Ok, Ms. Lynda, finally getting back to you! I really appreciated Judy’s comments, and that there is no rule for Spine Poems. Of course, in “anything journal,” there would not be! And this poetry form, after all, is not a sonnet, e.g., where specific rules apply. So I decided to pick a stack of books (in the order in which they happened to be stacked) from atop my kitchen table, where I read in the mornings. Actually I do everything here, so we eat on a big table in the family room! :-)I digress!

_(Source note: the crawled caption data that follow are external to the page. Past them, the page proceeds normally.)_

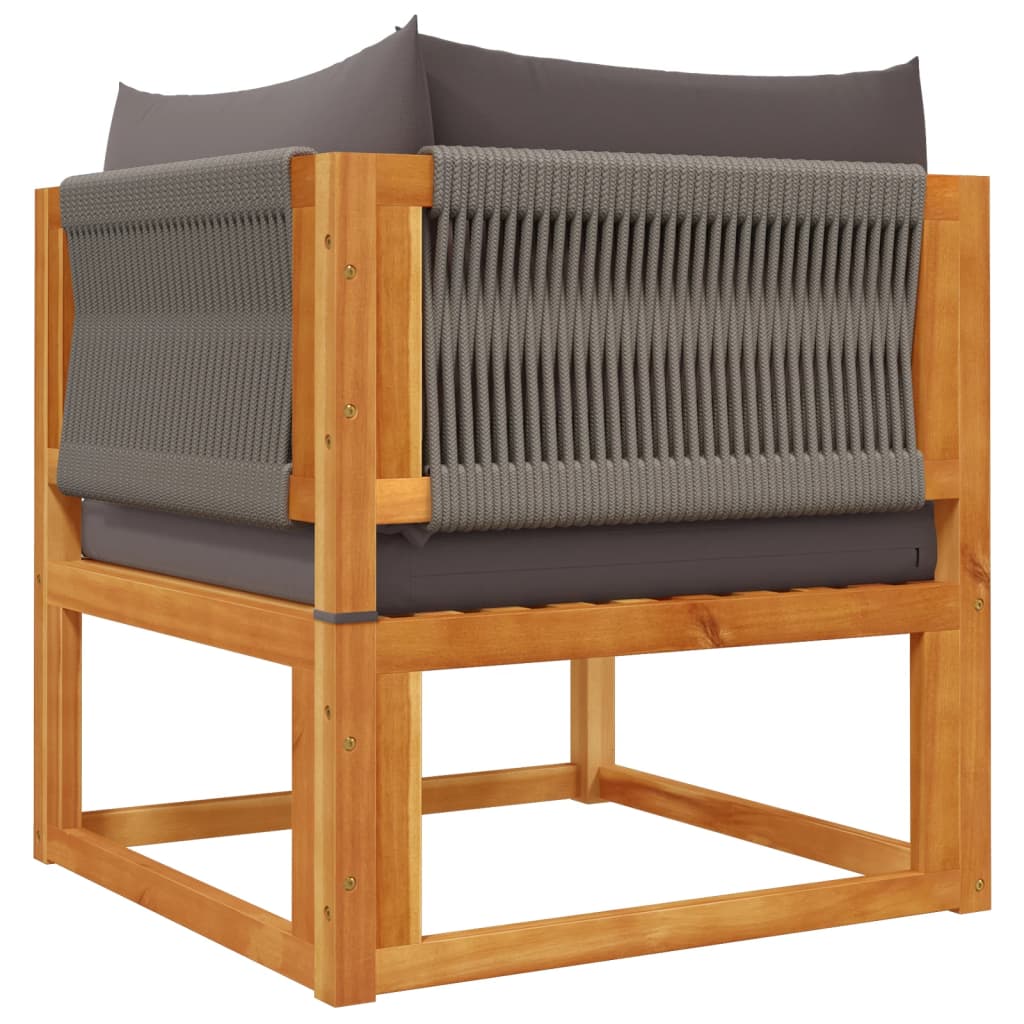Gartensofas-Ecke mit Kissen 2 Stk. Holz Akazie & Seil
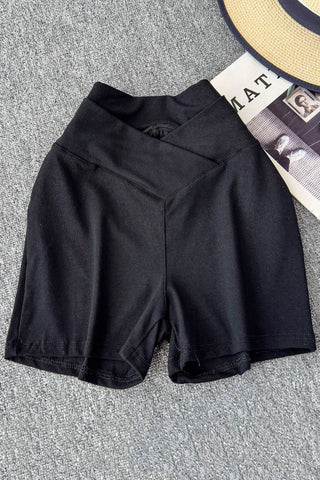 V-Waist Slim Brown High-Waist Shorts
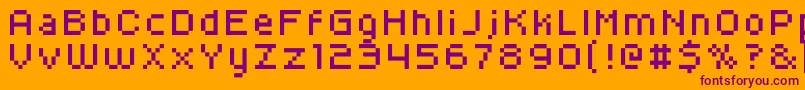 Kroeger0656-fontti – violetit fontit oranssilla taustalla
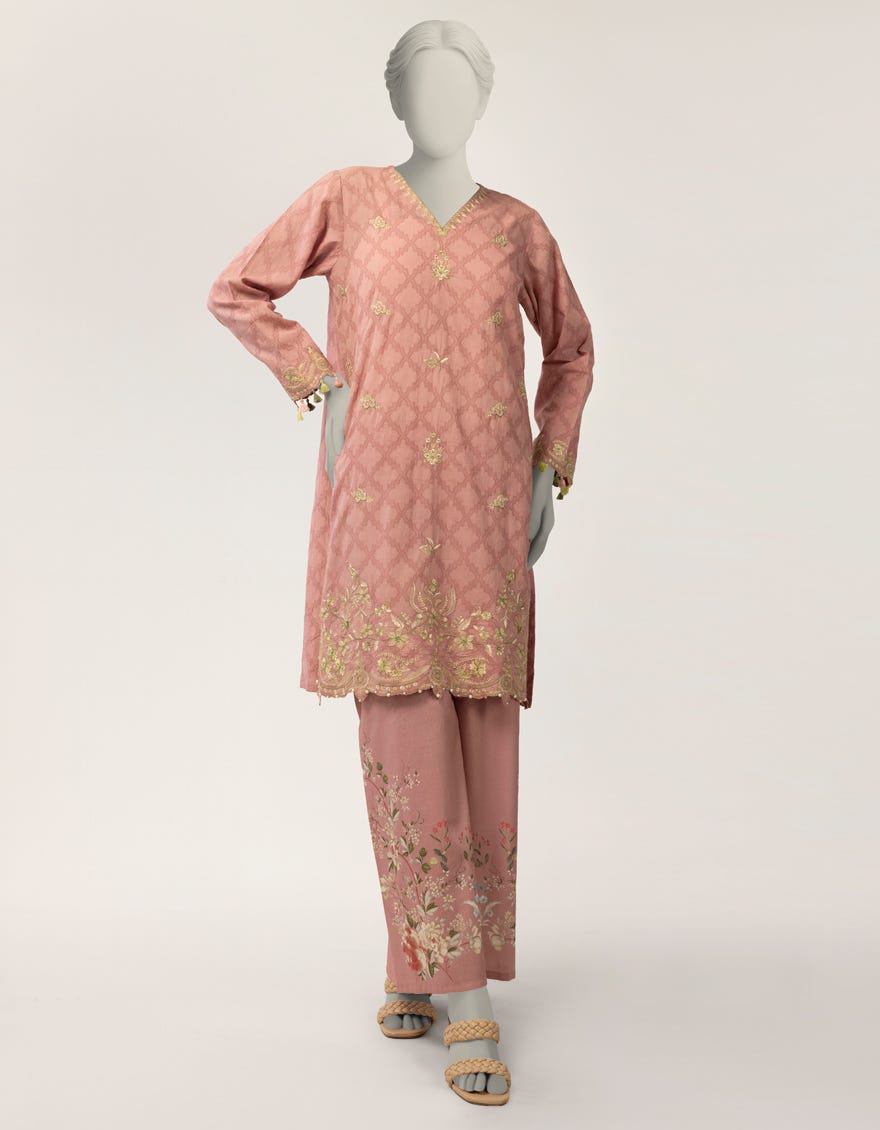 PINK DOBBY EMBROIDERED CO-ORD SET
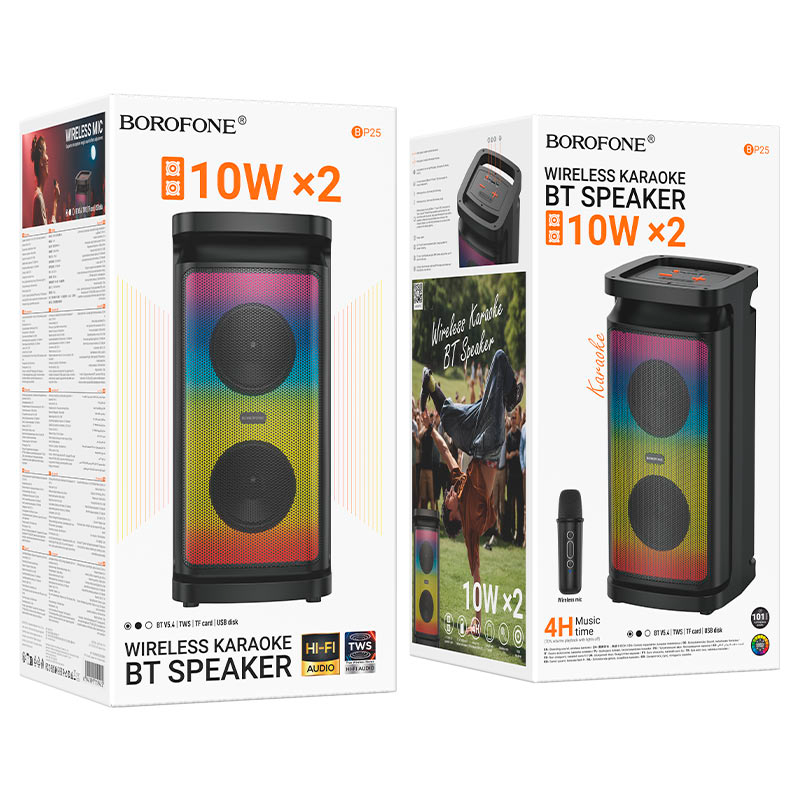 Parlante Inalambrico Bluetooth Borofone Bp25 Karaoke 10w Negro – imagen 3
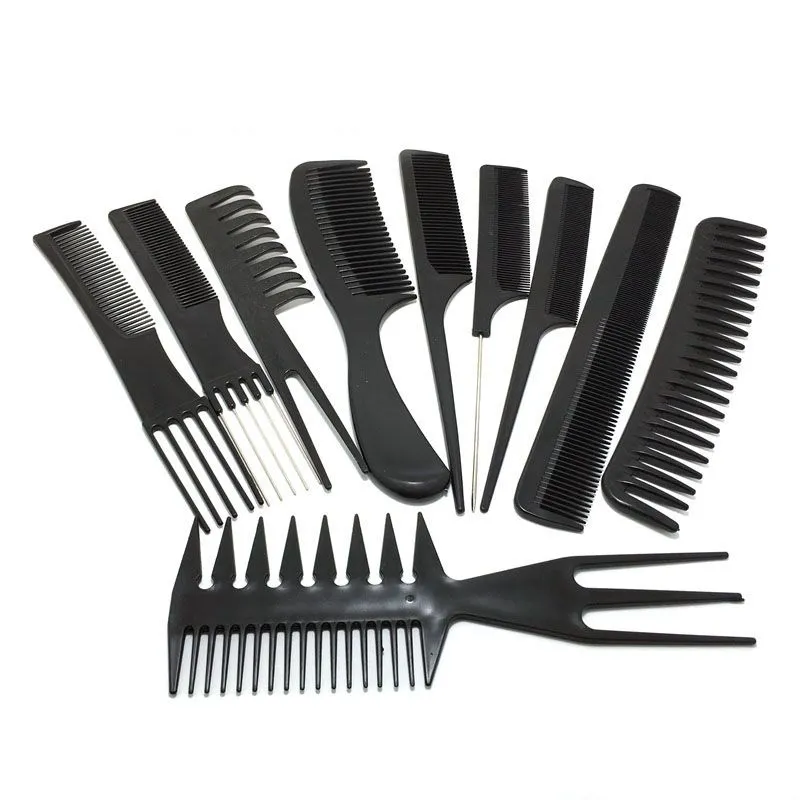 10 years store 10pcs Set Professional Hair Brush Comb Salon Barber Antistatic Hair Combs Hairbrush Hairdressing Combs Hair Care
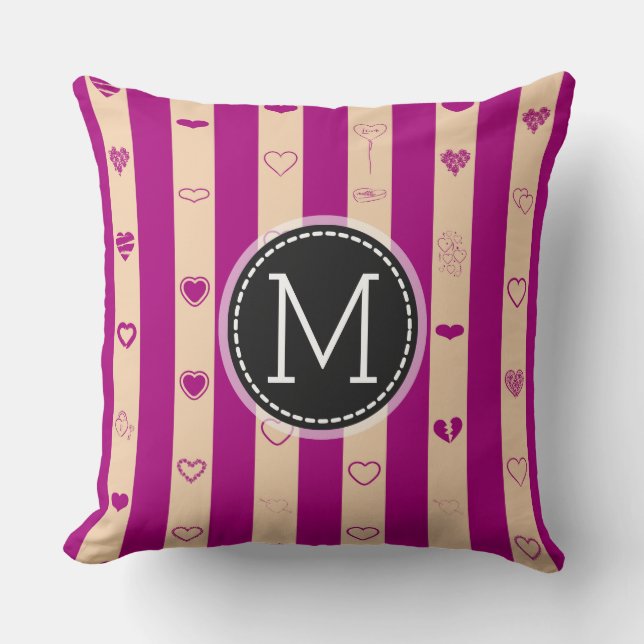 Monogram Royal Fuchsia Stripe Modern Heart Pattern Throw Pillow (Front)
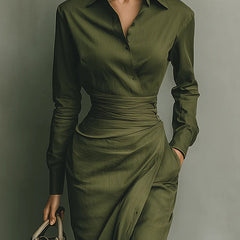 Collared Button-Front Draped-Waist Midi Dress for Women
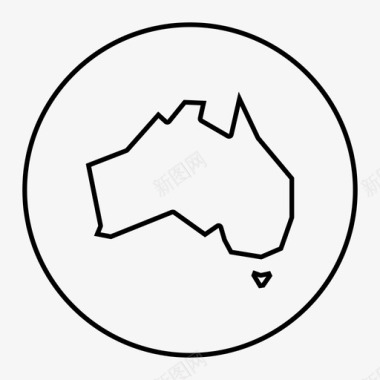 澳大利亚地图简单国家悉尼图标图标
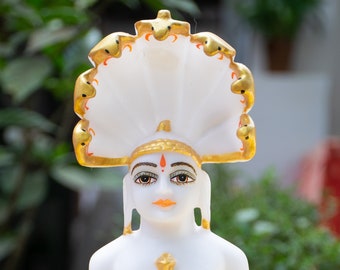 Lord Parshvanatha / Parasnath / Parshvanath Ji  Hand Crafted Resin Idol - Jain Moorti for Mandir / Temple for worship - 9" Height - Matte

Here is my stack, and I loved the poem the spines formed. Because two of the books were on loan from the library, I don’t have them here to photograph. Here’s the stack:
Beauty Chasers
Veneer
Beautiful People Don’t Just Happen
Live Hopefully
Deeper
Your Future Self Will Thank You
On the surface, this may not make sense to you or your readers, but it spoke volumes to me. But I went a step further, and completely fleshed this out into a long poem which I just presented to my mother today for her 93rd birthday! She loved it. I titled the poem, Beauty Chasers, and “bolded” each of the titles within the poem so she could easily detect them. I can’t tell you how enjoyable this exercise was, and for me, I took it to the next level of creating a poem I never would have otherwise, had it not been for the “spine prompts”!
Thanks so much for this delightful exercise in creativity!
Lynn
Hi Lynn, your note warms my heart. How special that you gifted a poem to your mother! To the power of words to touch hearts and spread creativity from one heart to another.
Linda, you’re so right.! There is no gift like the gift of words, especially for one you love as much as I do my mother. While we’re on the poetry subject, I’d add that I wrote one of Kay Adams’s famous “alpha” poems for Mother. She loved it. I used her full name as the acrostic for her 90th b/day, and framed it. I told dear Kay recently that I have given framed alphas numerous times for b/days, memorials, graduations, weddings, etc. They are nearly always rec’d w/ tears and always, always w/ great gratitude and overwhelming joy! I’ve Kay to thank for the idea, though my husband said she’s accruing a bill. He’s going to charge *her* for the fancy frames! ;) Perhaps this would be a topic for your blog as well.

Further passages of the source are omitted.